The concept of observing students’ behaviors and mistakes while writing programs has a long history in computer science education research. Research has indicated that students who can learn a second programming language independently need help learning new structures; otherwise, they keep on using the ones that they are familiar with (Walker and Schach, 1996). It has been stated (Settle and Settle, 2017) that students did not learn JAVA well in an online learning environment. Some studies are focused on the type of compiler they used for JAVA programming (Ben-Ari, 2007). The error messages produced by the compiler are terse, and many novices find it difficult to achieve even syntactically correct programs. Many of them recommended using the Sun SDK (System Development Kit) either directly or indirectly through a development environment like BlueJ (Jadud, 2006), DrJava (Allen et al., 2002), and Eclipse (Rigby and Thompson, 2005), because of their superior error messages and their support for identifying and correcting syntax errors (Nugroho et al., 2020).
Identification of common JAVA coding errors
Many of the related studies focus on the classification of compiler error messages (Dy and Rodrigo, 2010; Hristova et al., 2003; Jackson et al., 2005; McCall and Kölling, 2015; Mow, 2012). The studies identified the most frequent errors among novice programming students (Jackson et al., 2005). Hristova et al. (2003) have compiled a list of common JAVA errors committed by students, combining the data from teachers and students from different institutes to ask them for the most common JAVA mistakes. Their goal was to enhance the compiler error messages. The result indicated a reduction in errors. Mow (2012) collected the most common errors generated by the students and classified them in the same way as Hristova et al., (Hristova et al., 2003). The study (Dy and Rodrigo, 2010) explored ‘non-literal errors’ where the compiler error messages do not match the actual error committed by the student. They focused on improving the error messages and presented a list of the most common compiler error messages. Some researchers (McCall and Kölling, 2015) focused on improving compiler error messages by developing and validating error categories and found that the categorization scheme can achieve higher precision in describing errors. Ben-Ari (2007) lists the compiler error messages and describes typical mistakes that give rise to them as well as prevent ways of debugging to avoid these errors.

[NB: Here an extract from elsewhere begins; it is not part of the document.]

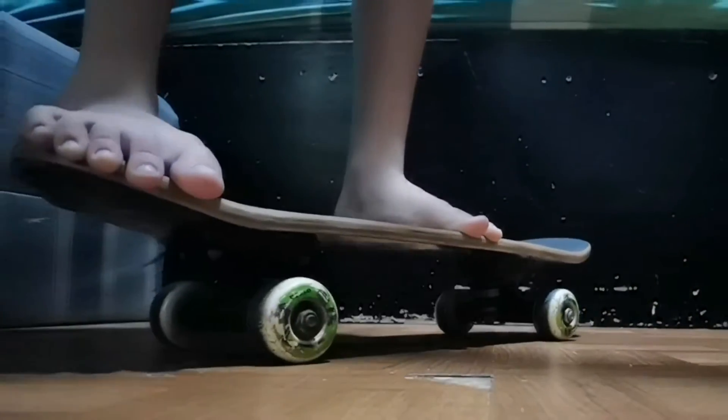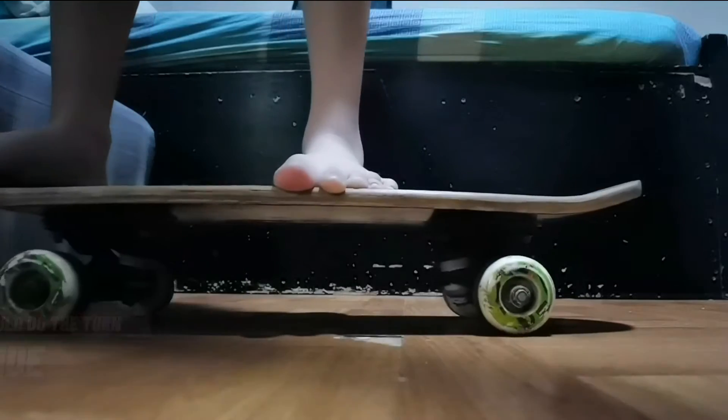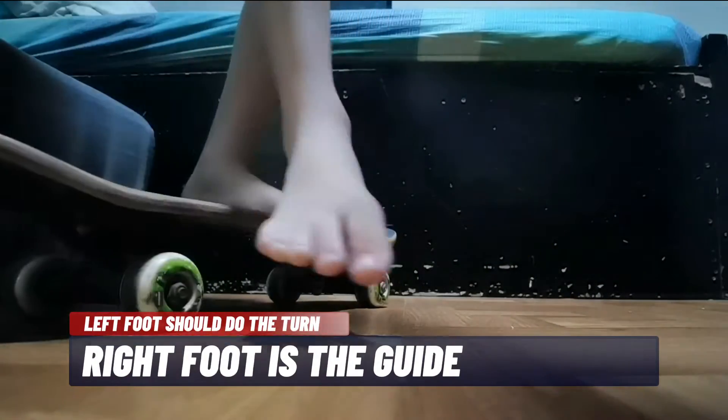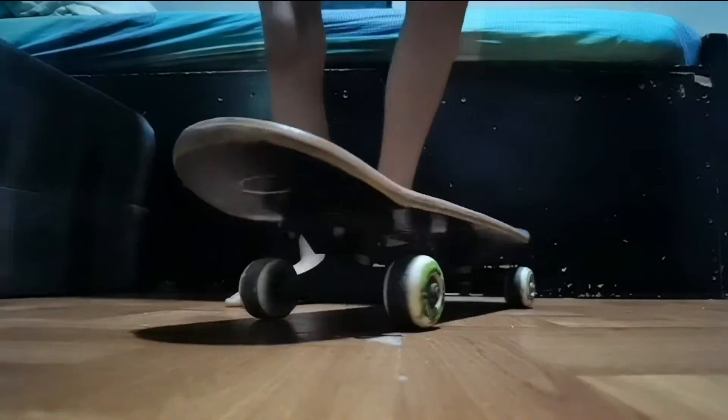I'm going to show you how to do a turn in skateboard. Let's go!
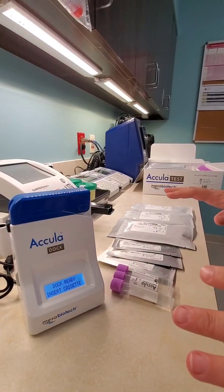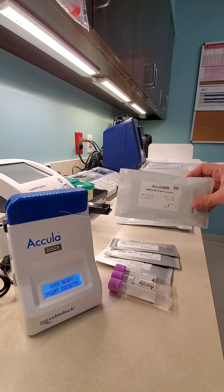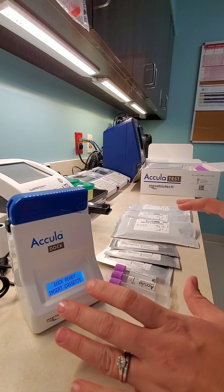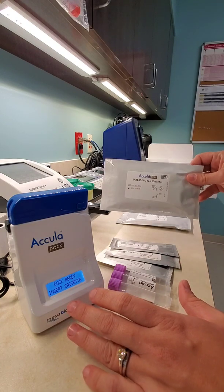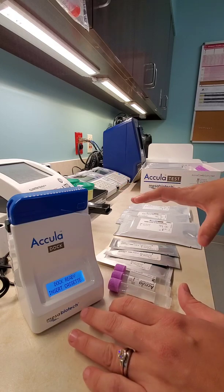I'm going to QC our first box of the Acula SARS-CoV-2 PCR test. It's ClioWave, so we don't have to do any kind of API samples on it. I'm not going to show you a patient sample because each of these cartridges are $55 and I don't want to waste any. So I'm going to show you how to QC it, and it's the same exact way for a patient sample.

Scaffolding tools for learning programming languages including JAVA
McCall (2013) suggests that compiler error messages have an imperfect (many-to-many) mapping to student misconceptions. Jadud (2006) looked at the types of mistakes committed by students in JAVA and the ways they solved them. Some investigators (Ahmadzadeh et al., 2005) looked at student error frequencies and debugging behavior. Schorsch (1995) introduced CAP (Code Analyzer for Pascal) to provide students with user-friendly feedback on syntax, logic, and style errors. The feedback informs the student what is wrong, why it is wrong, and how to fix the problem. The study (Flowers et al., 2004) introduced Gauntlet, designed for the cadets at the US Military Academy, which augmented the existing compiler with more meaningful messages. An Eclipse plug-in called Gild (Groupware-enabled Integrated Learning and Development) was introduced in 2003 (Storey et al., 2003) and has been used in Canada (University of Victoria), in the USA (Berkeley, Virginia Tech, and the University of Washington), and possibly other institutions. A follow-up study (Rigby and Thompson, 2005) concluded that “Gild will be more effective, efficient, and satisfactory. Another learning support tool designed for JAVA, called SNOOPIE (Supporting Novices in an Object-Oriented Programming Integrated Environment) provided students with more detailed feedback on syntax errors and semantic mistakes. A study implemented (Denny et al., 2014) a web-based tool called CodeWrite to assist students in writting code for the body of methods whose headers had been provided. Studies conducted by (Becker, 2015, 2016b) tested a custom editor called Decaf, which enhanced 30 high-frequency CEMs while intercepting the standard JAVA Compiler Error Messages (CEMs). The study concluded that ECEMs can benefit novice programmers.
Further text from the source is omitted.